Carpenter, who has a finance degree from Bowling Green, also taught several classes as part of the Barracuda Math Class program, which has reached 2,500 students in local schools to combine math skills with learning about hockey.
“He just really gets it, what a great young man,” San Jose Barracuda head coach Roy Sommer said. “Great family and upbringing, always thinking about others. You really couldn’t ask for a better guy in the locker room.”
On the ice, Carpenter had just as much of an impact with his playmaking ability.
The 25-year-old undrafted free agent had 55 points (18 goals, 37 assists) in 66 games with the Barracuda during the 2015-16 campaign.

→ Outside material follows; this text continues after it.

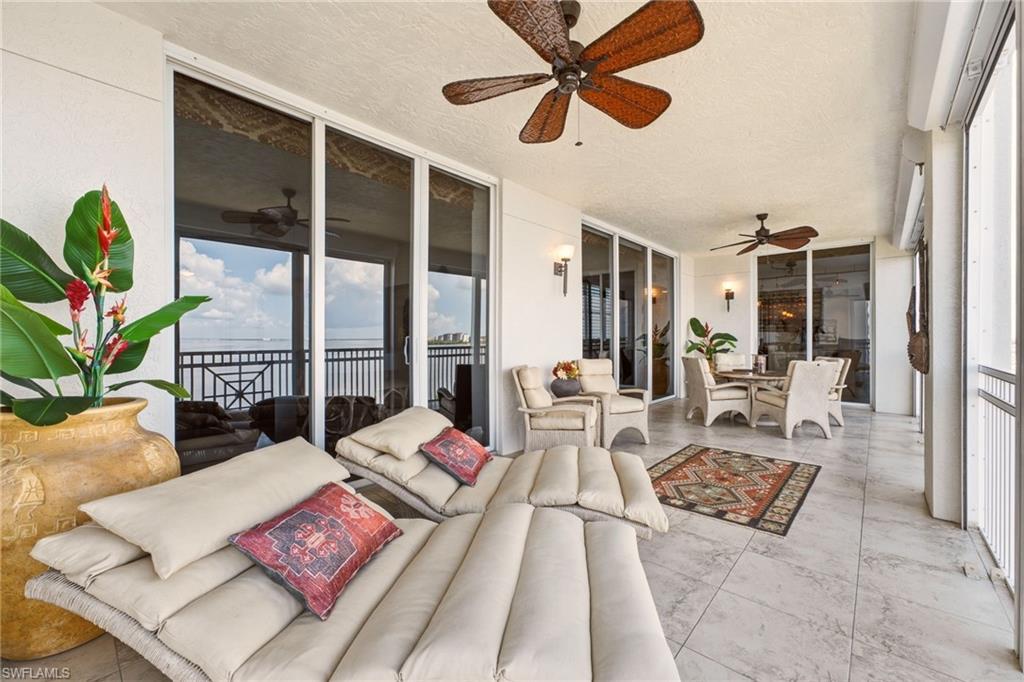 14200 Royal Harbour Ct 803 Property Photo 18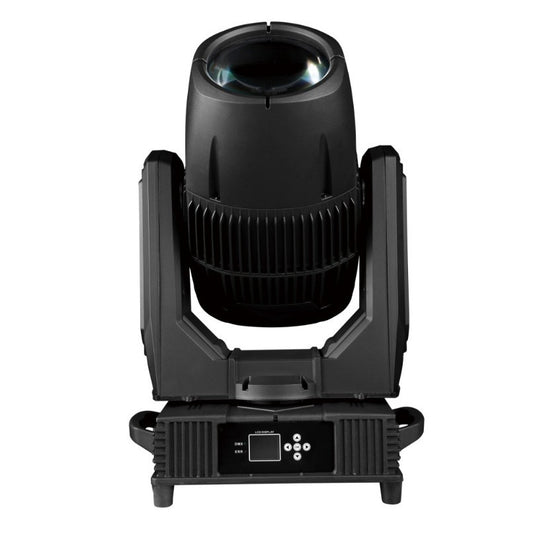 KBP4 Outdoor 480W Waterproof Moving Head Beam Light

He was named an AHL All-Star, played in his first NHL game, and was named the Barracuda’s Team MVP at the end of the season.

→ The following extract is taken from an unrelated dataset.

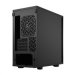 fractal-design-skrin-define-7-mini-black-solid-usb-3-1-type-c-2x-usb-3-0-bez-zdroje-matx-55786142.jpg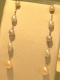 bresc015.jpg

“It’s been a fun year,” Carpenter said earlier in the season. “I’ve been able to experience a lot. I feel like I’ve been able to really appreciate this season and been enjoying putting in the work.”
The work ethic is what caught Sommer’s attention over the past couple seasons.
Last season with the Worcester Sharks, the Florida native had 34 points in 74 games. That was good for his rookie season, but it couldn’t have predicted his outbreak in 2015-16.
“He’s a product of the AHL and a success story for this league,” Sommer said. “He’s always out there working on his shot, and it’s gotten so much better. He can really pick his spots and pick the corners, he couldn’t do that when he first came in.”
For Carpenter, the next step is working his way up the Sharks depth chart. The 6-foot, 195-pound winger is positionally smart and could be a reliable third- or fourth-line winger in the NHL.
“He’s a guy you want to root for,” Sommer said. “He’s done everything right and worked so hard. He’s a leader and he’s an influence on our team, and you just want to see guys like that get an opportunity (in the NHL).”